» **WHAT THE TASK REQUIRES**
Every entry below is to be returned unchanged. Images are not part of the copy.
══ MATERIALS PROVIDED
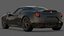 2018 Alfa Romeo 4C Competizione 3D Model Carbon Fiber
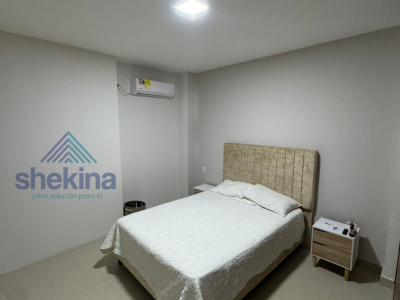 Apartamento amoblado en Riohacha - Edificio Tapushi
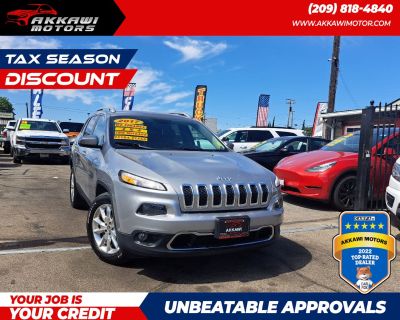 2017 Jeep Cherokee Limited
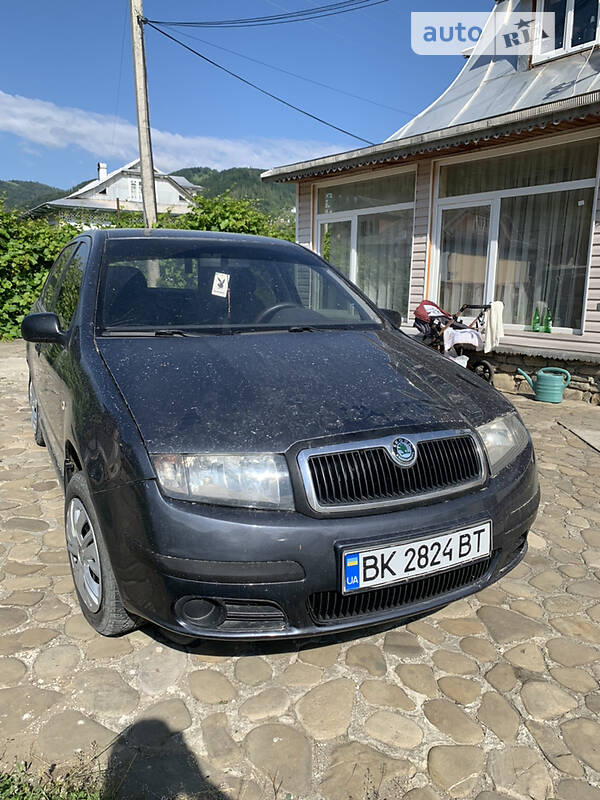 Хетчбек Skoda Fabia 2007 в Косові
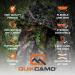 QuikCamo Mossy Oak Camo Bucket Hat with Built-in 3D Leafy Face Mask, Turkey Hunting Gear Boonie - NWTF Mossy Oak Obsession Camo, Adjustable OSFM - Buy Online on GoSupps.com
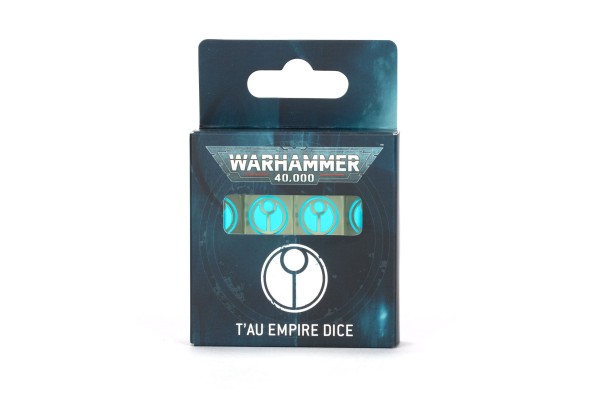 Warhammer 40000: Tau Empire Dice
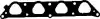 Прокладка колектора впускного Seat Toledo/VW Polo 1.6 16V 98-06 CORTECO 450091P (фото 1)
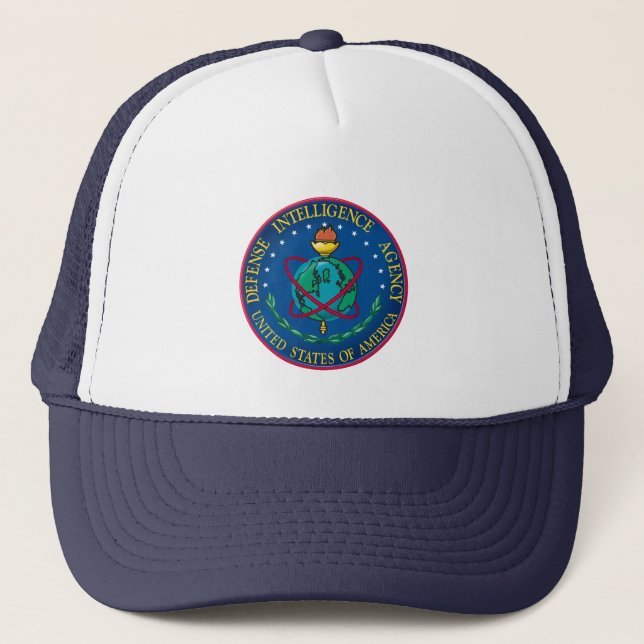 Gorra De Camionero Agencia de Inteligencia de Defensa (Anverso)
════
» **FINAL ANSWER**
 2018 Alfa Romeo 4C Competizione 3D Model Carbon Fiber
 Apartamento amoblado en Riohacha - Edificio Tapushi
 2017 Jeep Cherokee Limited
 Хетчбек Skoda Fabia 2007 в Косові
 QuikCamo Mossy Oak Camo Bucket Hat with Built-in 3D Leafy Face Mask, Turkey Hunting Gear Boonie - NWTF Mossy Oak Obsession Camo, Adjustable OSFM - Buy Online on GoSupps.com
 Warhammer 40000: Tau Empire Dice
 Прокладка колектора впускного Seat Toledo/VW Polo 1.6 16V 98-06 CORTECO 450091P (фото 1)
 Gorra De Camionero Agencia de Inteligencia de Defensa (Anverso)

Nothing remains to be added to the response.